Adding a 187KΩ in series with the ADC input will give you a voltage range of 0 to 61.38V.
Is the 60V maximum based on the battery voltage or the charging voltage? A 60V battery will have a charging voltage of around 72V in which case you will need to change the resistor value so that the ADC max voltage is higher than 72V.
GPIO 21 is passed through on the ADC Pi header. The only pins used by the ADC Pi are GPIO2 (SDA), GPIO3 (SCL), 3.3V, 5V and Ground. All other GPIO pins are passed through and can be used for other purposes.
You are correct that the battery positive will connect to R1 and R1 connects to the ADC input. The battery ground connects to the Raspberry Pi ground or the ADC Pi ground which are both connected together.
In continuous conversion mode the ADC samples the input continously and will have a sample ready to be read from the I2C bus. In one-time mode the ADC will sleep until you request a sample at which point it will wake up, take the sample and go back to sleep.

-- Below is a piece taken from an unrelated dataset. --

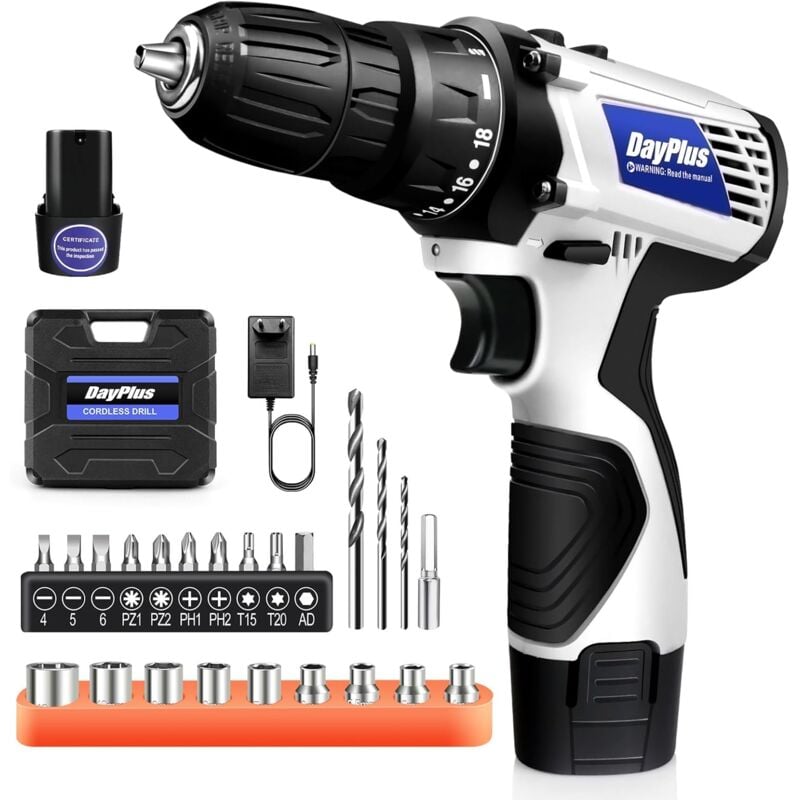 Lucn - 16.8V Perceuse-Visseuse à Percussion sans Fil - 2 vitesses - 400/1400RPM, Tournevis électrique avec Batterie 2x1.5 Ah, 45Nm, 18+1 réglage du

The main difference between the two modes is the power usage and the sample rate. In continuous coversion mode each ADC chip will consume around 135 μA and will be able to sample at the full speed for each bit rate. In one-time mode the ADC chip will use around 36 μA between samples but the sample rate will be slower depending on the bit rate. We have a page in our knowledge base that goes into detail on the different sample rates and how they compare in continous conversion and one-time mode.
In either continous conversion or one-time mode the power consumption from the ADC Pi will be minimal compared to the power used by the Raspberry Pi. If you are only going to use the Raspberry Pi to monitor the battery voltage then you may be better off using a lower power platform like an Arduino which will use a fraction of the power that a Raspberry Pi uses.